Jordan government takes on tax evasion, abuse of public office

Jordanians have welcomed the government’s latest push to prosecute officials and businessmen accused of tax evasion and money laundering, but wonder if the effort will be sustainable.

al-monitor Police officers stand during trial held for over 30 businessmen and customs officials charged with millions of dollars in tax evasion, at the State Security Court, in Amman, Jordan March 12, 2019. Photo by REUTERS/Muhammad Hamed.

Jun 24, 2020

Soon after it lifted most restrictions associated with COVID-19 health measures, the Jordanian government launched an unprecedented anti-corruption campaign June 6 against former officials, businessmen and companies suspected of involvement in tax evasion, money laundering, abuse of power and embezzlement.

There have been various news reports of police raids at the request of the Integrity and Anti-Corruption Commission (JIACC) of offices belonging to major businessmen, including one linked to a senior parliamentary figure. The owner of a cigarette manufacturing company is being investigated for unpaid taxes estimated at 134 million Jordanian dinars ($189 million), Al-Monitor has learned.

On June 10, Prime Minister Omar Razzaz was quoted by the Jordan Times as saying that the government is committed to implementing all of its anti-corruption measures, adding that corrupt persons have “no immunity” and that the law “applies to all.” Razzaz added, “What the JIACC is doing on the procedural level must be strengthened through legislation and regulations to help it play its role in recovering public money in the public sector as well as in the private sector in regard to tax evasion.”

Economic analyst and editor of the Maqar news site Salameh al-Dar’awi told Al-Monitor, “Tax evasion has challenged previous governments and since the government cannot raise taxes during these difficult times to generate income, it had to confront this issue directly.” He added that according to a World Bank study, tax evasion costs the treasury between 600 million to 800 million Jordanian dinars ($845 million-$1.1 billion) annually.

On June 14, Minister of Finance Mohammad al-Ississ announced at a press conference that tax evasion will be treated as money laundering, which carries a harsher sentence. He added that police raids are used as a last resort and that the current campaign is not political but part of genuine structural reform.

In the same press conference, Minister of Media Affairs Amjad al-Adaileh said the government has made amendments to the 2020 Integrity and Anti-Corruption Commission Law that will grant the anti-corruption body greater autonomy and legal backing to investigate a wider scope of crimes. The amendments allow the commission to monitor and investigate sudden and questionable gains of wealth or assets by officials, private individuals and groups.

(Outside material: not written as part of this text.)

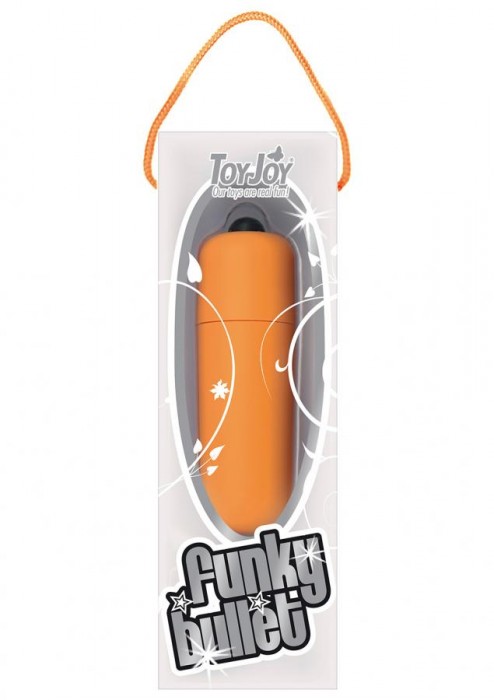 Оранжевая вибропуля Funky Bullet - 5,5 см.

On June 16, a government official told a local news site that the government's income tax department had managed to collect an additional 54 million dinars ($76 million) in unpaid taxes in addition to 95 million dinars ($133 million) in fines during the first five months of this year.

According to Ississ, the list of those being investigated is long and that the law will have the final say on all cases. According to local observers, the campaign shows a new political will to fight corruption, enforce the rule of law and enhance transparency. Needless to say, the campaign has been welcomed by the general public. Some have described it as Jordan’s version of the Saudi Ritz Carlton affair, in which the the authorities gathered prominent Saudi businessmen and negotiated billion-dollar settlements with them.

Political columnist Fahd al-Khitan wrote June 7 in Al-Ghad that it was time the government took measures to confront tax evasion instead of relying on ordinary peoples’ pockets for revenue through VAT or sales tax. “Jordanians have long called on governments to fight tax and customs evasion by influential figures instead of raising taxes on small and medium businesses,” he added.

Khitan likened the government’s campaign to attacking a hornet’s nest, adding that the plan had preceded the COVID-19 crisis. He advised the government to make the campaign a permanent policy and not a passing operation. “The problem is endemic and had cost Jordanians hundreds of millions of dollars in money that was not collected by the treasury or was smuggled out of the country,” he said.

One important triumph for the government came on June 8, when an international arbitration center in Washington, DC, overturned a ruling against the Jordanian government in a case involving an international cellular phone company’s sale of its shares to a local company in 2006. The new ruling means the government can pursue a legal case against the company and ask for compensation worth 123 million dinars ($173 million).

But some Jordanians wonder if the government has the will and backing to effectively question former prominent officials about their sources of wealth or to reach settlement deals to repatriate millions of dinars. One local businessman who requested anonymity told Al-Monitor that Jordanians had been promised by previous governments to fight corruption and abuse of public office in cases that have become well known, but nothing had happened. “It’s a good thing, what this government is doing now, but can its efforts continue as it investigates powerful figures?” he asked.